A autora, desde uma consciente distância emocional, desenha ao pormenor cada imagem e atarraca à(s) sua(s) personagen(s) na ambiguidade de existir no limbo entre o mundo real e o imaginário, num novo espaço-tempo no que os seus  desejos e medos mais profundos se encontram na intimidade.

Nas palavras de Patricia, «como espelhos, estas imagens reflectem perguntas feitas pela personagem sobre quem somos e quem na realidade desejávamos ser».

My Dog, de Adriano Pimenta.

Partilhando parede com o anterior, o projecto de Adriano quer falar da sua cadela, porém fala realmente da ausência dela, das saudades que sente por ela em períodos que, por trabalho, tem que estar fora de casa,  mas também dos cães em geral e do relacionamento dos humanos com eles.

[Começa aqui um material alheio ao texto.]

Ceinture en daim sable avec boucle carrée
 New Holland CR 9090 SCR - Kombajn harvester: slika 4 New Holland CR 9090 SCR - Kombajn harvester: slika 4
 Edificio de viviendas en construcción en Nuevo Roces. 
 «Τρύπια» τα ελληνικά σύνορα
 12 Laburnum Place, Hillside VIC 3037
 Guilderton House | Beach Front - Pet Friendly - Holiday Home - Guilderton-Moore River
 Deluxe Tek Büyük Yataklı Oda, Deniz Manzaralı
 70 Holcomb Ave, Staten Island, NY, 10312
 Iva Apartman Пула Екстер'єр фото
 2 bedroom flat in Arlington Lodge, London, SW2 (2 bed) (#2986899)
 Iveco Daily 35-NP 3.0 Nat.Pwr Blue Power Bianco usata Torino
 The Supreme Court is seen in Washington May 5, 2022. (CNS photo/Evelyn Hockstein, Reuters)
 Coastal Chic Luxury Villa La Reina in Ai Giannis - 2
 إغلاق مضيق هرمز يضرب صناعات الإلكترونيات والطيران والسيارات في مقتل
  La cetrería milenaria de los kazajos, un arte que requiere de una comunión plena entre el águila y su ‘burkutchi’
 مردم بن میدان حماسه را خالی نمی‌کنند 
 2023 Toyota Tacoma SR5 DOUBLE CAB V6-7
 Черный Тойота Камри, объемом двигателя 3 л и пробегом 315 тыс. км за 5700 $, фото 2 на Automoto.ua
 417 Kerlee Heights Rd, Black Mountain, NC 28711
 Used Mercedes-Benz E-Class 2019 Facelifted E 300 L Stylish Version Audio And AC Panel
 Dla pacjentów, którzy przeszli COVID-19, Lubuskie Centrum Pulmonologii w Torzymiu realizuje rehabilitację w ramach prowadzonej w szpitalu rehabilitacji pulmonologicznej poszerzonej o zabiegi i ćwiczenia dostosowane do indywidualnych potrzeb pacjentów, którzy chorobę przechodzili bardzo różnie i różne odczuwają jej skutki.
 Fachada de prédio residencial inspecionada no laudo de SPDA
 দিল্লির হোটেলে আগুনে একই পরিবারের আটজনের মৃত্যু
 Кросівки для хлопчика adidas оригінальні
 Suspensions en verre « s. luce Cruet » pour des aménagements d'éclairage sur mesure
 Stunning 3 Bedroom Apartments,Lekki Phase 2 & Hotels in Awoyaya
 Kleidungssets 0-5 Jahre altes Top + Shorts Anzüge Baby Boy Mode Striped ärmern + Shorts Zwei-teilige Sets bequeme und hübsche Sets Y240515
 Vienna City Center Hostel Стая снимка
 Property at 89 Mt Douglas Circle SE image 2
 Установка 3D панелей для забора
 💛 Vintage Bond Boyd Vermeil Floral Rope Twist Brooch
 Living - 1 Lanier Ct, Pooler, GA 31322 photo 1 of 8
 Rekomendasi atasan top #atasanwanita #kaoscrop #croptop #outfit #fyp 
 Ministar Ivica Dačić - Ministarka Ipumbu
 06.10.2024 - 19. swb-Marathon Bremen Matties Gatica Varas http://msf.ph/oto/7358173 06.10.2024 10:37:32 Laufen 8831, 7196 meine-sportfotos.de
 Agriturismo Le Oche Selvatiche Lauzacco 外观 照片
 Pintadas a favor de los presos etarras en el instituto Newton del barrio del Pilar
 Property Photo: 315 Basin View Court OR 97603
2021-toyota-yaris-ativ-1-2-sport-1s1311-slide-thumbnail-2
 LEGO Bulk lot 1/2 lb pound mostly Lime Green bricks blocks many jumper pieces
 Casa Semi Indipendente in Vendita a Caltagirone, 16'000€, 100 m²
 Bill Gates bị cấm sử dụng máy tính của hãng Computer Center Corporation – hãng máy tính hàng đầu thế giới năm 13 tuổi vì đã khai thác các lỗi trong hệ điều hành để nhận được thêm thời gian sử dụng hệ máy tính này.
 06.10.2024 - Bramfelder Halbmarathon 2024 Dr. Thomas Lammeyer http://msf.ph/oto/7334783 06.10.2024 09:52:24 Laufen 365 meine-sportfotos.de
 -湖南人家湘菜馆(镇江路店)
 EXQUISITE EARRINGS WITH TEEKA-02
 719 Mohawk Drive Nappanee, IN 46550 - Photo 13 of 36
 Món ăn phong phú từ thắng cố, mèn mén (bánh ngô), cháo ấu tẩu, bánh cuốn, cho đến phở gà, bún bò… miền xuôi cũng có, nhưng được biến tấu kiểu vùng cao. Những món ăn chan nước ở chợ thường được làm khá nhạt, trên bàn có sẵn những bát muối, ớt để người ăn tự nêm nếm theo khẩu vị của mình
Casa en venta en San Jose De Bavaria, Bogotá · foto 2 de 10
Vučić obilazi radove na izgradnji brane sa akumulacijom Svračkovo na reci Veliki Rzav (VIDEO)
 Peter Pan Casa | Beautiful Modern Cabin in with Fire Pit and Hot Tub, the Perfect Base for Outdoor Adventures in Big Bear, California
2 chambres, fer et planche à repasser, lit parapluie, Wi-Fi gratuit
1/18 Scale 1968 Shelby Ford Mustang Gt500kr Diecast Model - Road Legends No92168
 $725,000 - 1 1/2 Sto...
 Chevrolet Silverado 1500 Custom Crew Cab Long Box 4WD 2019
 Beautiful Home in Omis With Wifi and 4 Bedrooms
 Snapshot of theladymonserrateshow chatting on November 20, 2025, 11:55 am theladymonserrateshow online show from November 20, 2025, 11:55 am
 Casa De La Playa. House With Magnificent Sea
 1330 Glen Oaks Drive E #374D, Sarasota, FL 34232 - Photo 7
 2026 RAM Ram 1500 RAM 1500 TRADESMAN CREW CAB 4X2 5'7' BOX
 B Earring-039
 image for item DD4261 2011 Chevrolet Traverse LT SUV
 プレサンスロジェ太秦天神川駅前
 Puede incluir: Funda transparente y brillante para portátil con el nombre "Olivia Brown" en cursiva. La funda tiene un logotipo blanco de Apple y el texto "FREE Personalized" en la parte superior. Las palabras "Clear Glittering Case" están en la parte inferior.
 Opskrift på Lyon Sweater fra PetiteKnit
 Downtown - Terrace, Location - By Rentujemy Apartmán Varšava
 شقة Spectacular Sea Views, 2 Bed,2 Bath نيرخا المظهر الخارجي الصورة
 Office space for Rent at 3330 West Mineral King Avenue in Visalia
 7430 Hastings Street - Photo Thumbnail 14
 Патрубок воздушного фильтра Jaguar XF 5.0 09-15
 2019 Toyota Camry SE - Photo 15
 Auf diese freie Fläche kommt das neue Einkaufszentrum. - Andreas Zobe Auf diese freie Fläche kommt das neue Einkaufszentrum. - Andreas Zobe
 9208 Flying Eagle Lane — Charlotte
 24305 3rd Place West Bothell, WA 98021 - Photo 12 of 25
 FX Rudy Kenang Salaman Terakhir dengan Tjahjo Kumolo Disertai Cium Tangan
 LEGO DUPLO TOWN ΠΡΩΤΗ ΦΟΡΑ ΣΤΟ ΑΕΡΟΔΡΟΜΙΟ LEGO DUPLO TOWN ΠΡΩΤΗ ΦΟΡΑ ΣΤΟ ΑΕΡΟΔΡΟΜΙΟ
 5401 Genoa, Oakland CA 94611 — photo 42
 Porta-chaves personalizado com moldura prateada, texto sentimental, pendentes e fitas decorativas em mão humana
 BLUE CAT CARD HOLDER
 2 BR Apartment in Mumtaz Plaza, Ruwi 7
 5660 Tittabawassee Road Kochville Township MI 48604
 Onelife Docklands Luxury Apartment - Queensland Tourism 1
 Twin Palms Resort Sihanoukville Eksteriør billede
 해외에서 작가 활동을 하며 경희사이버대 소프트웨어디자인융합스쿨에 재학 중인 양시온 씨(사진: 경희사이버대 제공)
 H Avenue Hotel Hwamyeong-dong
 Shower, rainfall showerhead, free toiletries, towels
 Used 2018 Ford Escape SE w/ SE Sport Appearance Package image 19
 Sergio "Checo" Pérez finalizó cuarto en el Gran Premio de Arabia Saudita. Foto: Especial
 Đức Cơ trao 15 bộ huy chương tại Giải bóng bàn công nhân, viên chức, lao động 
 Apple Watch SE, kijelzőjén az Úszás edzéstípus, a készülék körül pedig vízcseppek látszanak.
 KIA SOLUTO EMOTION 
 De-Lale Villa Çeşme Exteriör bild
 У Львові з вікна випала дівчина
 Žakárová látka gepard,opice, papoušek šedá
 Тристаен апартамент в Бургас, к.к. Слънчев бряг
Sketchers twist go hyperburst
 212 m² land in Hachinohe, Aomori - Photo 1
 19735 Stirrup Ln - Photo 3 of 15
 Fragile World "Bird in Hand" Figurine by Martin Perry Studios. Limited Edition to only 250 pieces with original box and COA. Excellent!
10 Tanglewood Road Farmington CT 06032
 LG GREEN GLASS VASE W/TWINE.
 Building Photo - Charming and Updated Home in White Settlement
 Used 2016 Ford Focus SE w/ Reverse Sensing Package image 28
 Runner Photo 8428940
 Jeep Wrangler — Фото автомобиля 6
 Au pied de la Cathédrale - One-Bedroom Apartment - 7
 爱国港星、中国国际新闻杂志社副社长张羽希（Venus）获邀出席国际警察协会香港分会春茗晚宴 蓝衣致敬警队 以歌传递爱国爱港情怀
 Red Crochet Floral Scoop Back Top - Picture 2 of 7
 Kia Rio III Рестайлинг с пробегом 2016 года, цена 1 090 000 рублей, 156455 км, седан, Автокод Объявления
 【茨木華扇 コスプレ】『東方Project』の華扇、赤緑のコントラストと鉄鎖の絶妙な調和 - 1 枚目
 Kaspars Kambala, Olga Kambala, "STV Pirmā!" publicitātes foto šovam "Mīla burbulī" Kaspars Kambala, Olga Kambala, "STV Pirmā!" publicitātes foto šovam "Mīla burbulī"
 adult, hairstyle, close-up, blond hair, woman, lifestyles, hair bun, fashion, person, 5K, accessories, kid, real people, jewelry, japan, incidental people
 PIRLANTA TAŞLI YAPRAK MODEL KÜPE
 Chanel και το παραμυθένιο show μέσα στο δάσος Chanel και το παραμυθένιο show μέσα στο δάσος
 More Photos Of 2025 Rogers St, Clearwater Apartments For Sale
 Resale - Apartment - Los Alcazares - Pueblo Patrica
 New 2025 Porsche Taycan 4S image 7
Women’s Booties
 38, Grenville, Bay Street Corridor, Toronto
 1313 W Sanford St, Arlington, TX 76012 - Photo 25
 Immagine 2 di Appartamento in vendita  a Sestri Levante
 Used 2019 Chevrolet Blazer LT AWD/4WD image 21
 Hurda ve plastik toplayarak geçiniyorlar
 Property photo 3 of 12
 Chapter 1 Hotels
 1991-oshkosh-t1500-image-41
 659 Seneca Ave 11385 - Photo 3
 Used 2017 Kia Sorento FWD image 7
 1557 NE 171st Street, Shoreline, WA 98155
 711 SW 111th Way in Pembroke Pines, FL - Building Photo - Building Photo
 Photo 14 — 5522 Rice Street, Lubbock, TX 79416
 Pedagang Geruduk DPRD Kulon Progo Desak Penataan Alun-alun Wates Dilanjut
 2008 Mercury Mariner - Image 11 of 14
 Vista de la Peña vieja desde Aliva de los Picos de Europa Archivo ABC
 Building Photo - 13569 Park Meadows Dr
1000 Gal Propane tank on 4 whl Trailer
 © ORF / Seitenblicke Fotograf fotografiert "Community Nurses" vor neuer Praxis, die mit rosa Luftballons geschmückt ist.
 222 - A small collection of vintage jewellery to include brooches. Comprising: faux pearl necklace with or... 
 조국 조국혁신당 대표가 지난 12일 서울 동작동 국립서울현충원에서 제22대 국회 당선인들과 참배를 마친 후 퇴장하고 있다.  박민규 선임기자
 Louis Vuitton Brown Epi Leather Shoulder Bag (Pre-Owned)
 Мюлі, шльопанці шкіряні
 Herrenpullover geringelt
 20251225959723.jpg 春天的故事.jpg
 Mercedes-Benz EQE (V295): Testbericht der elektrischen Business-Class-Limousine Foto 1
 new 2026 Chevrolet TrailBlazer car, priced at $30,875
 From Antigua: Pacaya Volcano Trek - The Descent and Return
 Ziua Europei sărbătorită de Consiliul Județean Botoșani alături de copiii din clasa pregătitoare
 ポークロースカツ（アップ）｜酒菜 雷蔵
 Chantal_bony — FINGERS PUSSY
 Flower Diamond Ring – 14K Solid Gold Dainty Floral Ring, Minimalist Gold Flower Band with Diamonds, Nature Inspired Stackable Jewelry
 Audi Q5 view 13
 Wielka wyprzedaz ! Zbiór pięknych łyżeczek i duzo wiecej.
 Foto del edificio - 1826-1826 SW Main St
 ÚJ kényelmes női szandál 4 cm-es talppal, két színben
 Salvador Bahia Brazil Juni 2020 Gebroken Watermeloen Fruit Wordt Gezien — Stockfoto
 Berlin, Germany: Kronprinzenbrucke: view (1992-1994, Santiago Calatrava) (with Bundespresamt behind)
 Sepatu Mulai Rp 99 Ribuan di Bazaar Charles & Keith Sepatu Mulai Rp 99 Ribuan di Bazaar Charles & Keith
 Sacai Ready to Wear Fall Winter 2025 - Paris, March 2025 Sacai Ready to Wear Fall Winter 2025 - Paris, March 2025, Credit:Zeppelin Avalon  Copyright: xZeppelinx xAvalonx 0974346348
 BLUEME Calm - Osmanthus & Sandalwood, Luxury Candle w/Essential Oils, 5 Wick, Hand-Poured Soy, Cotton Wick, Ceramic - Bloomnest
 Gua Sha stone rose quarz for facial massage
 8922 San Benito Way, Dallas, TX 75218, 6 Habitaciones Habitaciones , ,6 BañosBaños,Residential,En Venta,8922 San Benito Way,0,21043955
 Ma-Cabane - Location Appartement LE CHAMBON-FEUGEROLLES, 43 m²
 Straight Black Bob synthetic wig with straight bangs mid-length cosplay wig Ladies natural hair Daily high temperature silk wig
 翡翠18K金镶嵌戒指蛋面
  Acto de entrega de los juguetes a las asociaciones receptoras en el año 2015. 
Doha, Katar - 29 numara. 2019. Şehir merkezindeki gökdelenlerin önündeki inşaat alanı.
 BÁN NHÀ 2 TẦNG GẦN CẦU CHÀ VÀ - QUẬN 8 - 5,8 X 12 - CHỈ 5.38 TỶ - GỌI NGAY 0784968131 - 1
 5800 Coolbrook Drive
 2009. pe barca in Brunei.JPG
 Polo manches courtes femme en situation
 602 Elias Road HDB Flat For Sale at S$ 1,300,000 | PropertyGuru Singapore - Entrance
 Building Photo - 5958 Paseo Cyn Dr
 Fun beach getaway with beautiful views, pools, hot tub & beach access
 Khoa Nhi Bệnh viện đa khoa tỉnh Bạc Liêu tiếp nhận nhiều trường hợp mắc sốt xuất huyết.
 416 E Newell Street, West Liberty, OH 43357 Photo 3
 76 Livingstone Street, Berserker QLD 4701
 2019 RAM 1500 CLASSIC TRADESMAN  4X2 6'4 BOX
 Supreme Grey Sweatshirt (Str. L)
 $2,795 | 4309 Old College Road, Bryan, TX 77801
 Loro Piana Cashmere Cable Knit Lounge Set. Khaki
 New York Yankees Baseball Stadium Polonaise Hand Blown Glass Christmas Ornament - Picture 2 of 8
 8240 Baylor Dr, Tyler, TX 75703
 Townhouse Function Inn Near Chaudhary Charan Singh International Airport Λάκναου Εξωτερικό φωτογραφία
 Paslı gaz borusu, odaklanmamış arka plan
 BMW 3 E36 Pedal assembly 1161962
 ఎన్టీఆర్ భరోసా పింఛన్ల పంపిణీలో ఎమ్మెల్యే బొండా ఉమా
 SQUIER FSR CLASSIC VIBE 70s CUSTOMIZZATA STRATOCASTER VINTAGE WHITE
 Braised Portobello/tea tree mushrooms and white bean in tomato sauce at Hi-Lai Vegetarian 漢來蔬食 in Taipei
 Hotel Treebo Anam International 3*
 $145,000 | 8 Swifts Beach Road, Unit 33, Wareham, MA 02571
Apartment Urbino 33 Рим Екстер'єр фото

My Dog é uma narrativa construída a partir das suas fotos de arquivo. Durante anos, o autor fotografou compulsivamente pelos lugares que transitou e, ao rever o seu arquivo percebeu a tendência que tinha em fotografar os cães que encontrava, talvez para paliar as saudades que tinha.

As fotografias, com um notável estilo geométrico, tão típico na obra de Pimenta, foram feitas na Índia, na Noruega, nos Países Bálticos, nos EUA, na Alemanha, em Marrocos e em Portugal. Postas a dialogar, evidenciam o diferente tratamento que recebem estes quadrúpedes nos diferentes lugares do mundo e revela as diferentes relações que os humanos estabelecem com eles.

Como no seu anterior trabalho, «Every Days is Sunday», o autor parte do íntimo para o universal. Se naquele partia do local para, usando as mensagens de um jornal global, tornar as suas imagens cercanas para qualquer espectador/a independentemente da sua procedência; neste parte da relação com o seu animal de estimação para, servindo-se das imagens do seu arquivo, falar do relacionamento dos humanos com os cães ao longo do mundo.

Ainda, com o seu trabalho fala também das diferentes situações que se encontrou ao longo do mundo fazendo uma analogia entre os cães e as pessoas: o que somos e quais são os nossos comportamentos.  

Nalgumas imagens o autor faz-nos reflectir sobre a humanização (ou a falta desta) que damos aos mamíferos revertendo essa práctica e confrontando-nos com cenas nas que, sem aparecer nenhum canídeo, os elementos visuais posicionam-nos na sua visão.

Why do things get in a muddle?, de Odair Monteiro

No centro da sala, numa estrutura que nos obriga a arrodear a obra de Odair, acabando no ponto em que começámos, está o projecto Why do things get in a muddle?, que tira o seu nome da frase escrita por Gregory Bateson no livro em que a filha pergunta ao pai o motivo de as coisas tenderem para ficarem confusas e desarrumadas e não o contrário.

Odair começou este projecto na Ribeira do Mosteiro, quando estava às voltas com os ensinamentos do pensador Heraclito de Éfeso, e propôs-se ver quanto há de verdade na sua frase «Não se pode percorrer duas vezes o mesmo rio».

A sequência que cria desenha um percurso de jusante a montante, onde os elementos que o rio arrasta e acumula, lembram realidades próprias ou alheias, nas que, por defeito, tudo tende a desarrumar-se. O constante movimento do rio é, nestas imagens, uma metáfora do curso da vida, um caminho cíclico de repetidos rearranjos.

Por fim, o autor também dá espaço à esperança e parafraseia de novo Heraclito, porque «nada é permanente, excepto a mudança».

Vítor Nieves. Curador

(Por opção do autor, este texto não foi escrito ao abrigo do Acordo Ortográfico de 1990.)